Recorded information START

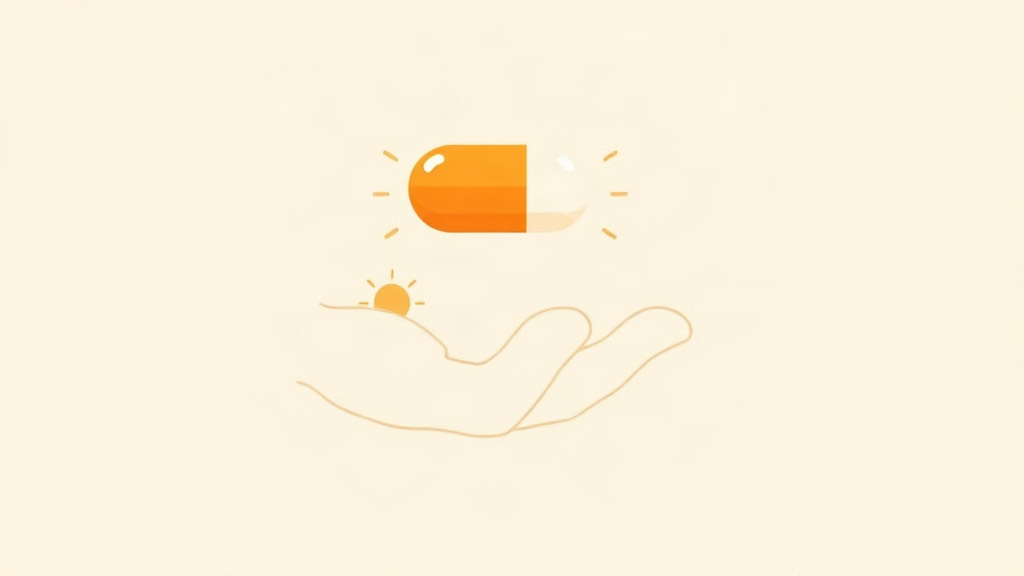 Foundayo orforglipron daily GLP-1 pill above an open hand with a sunrise and a week of dose circles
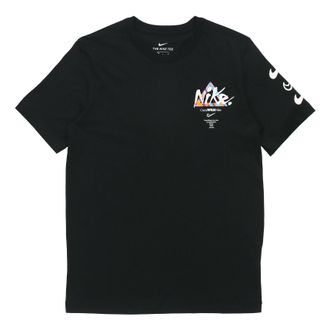 Nike Sportswear Print Casual Sports Short Sleeve Black DB6136-010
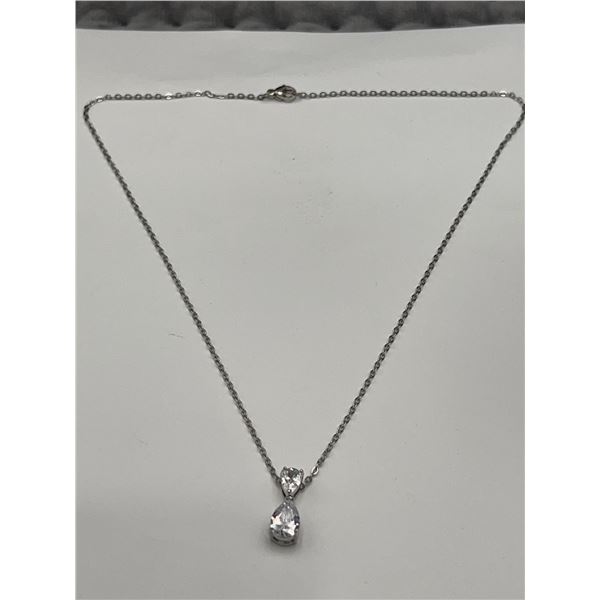 Tear Drop Cut 1.2 Carat Solitaire Pendant & Chain Set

Recorded information END

# Work order
Please repeat everything in the data above except the pictures, exactly as it reads.

# Response to this exercise
 Foundayo orforglipron daily GLP-1 pill above an open hand with a sunrise and a week of dose circles
 Nike Sportswear Print Casual Sports Short Sleeve Black DB6136-010
 Tear Drop Cut 1.2 Carat Solitaire Pendant & Chain Set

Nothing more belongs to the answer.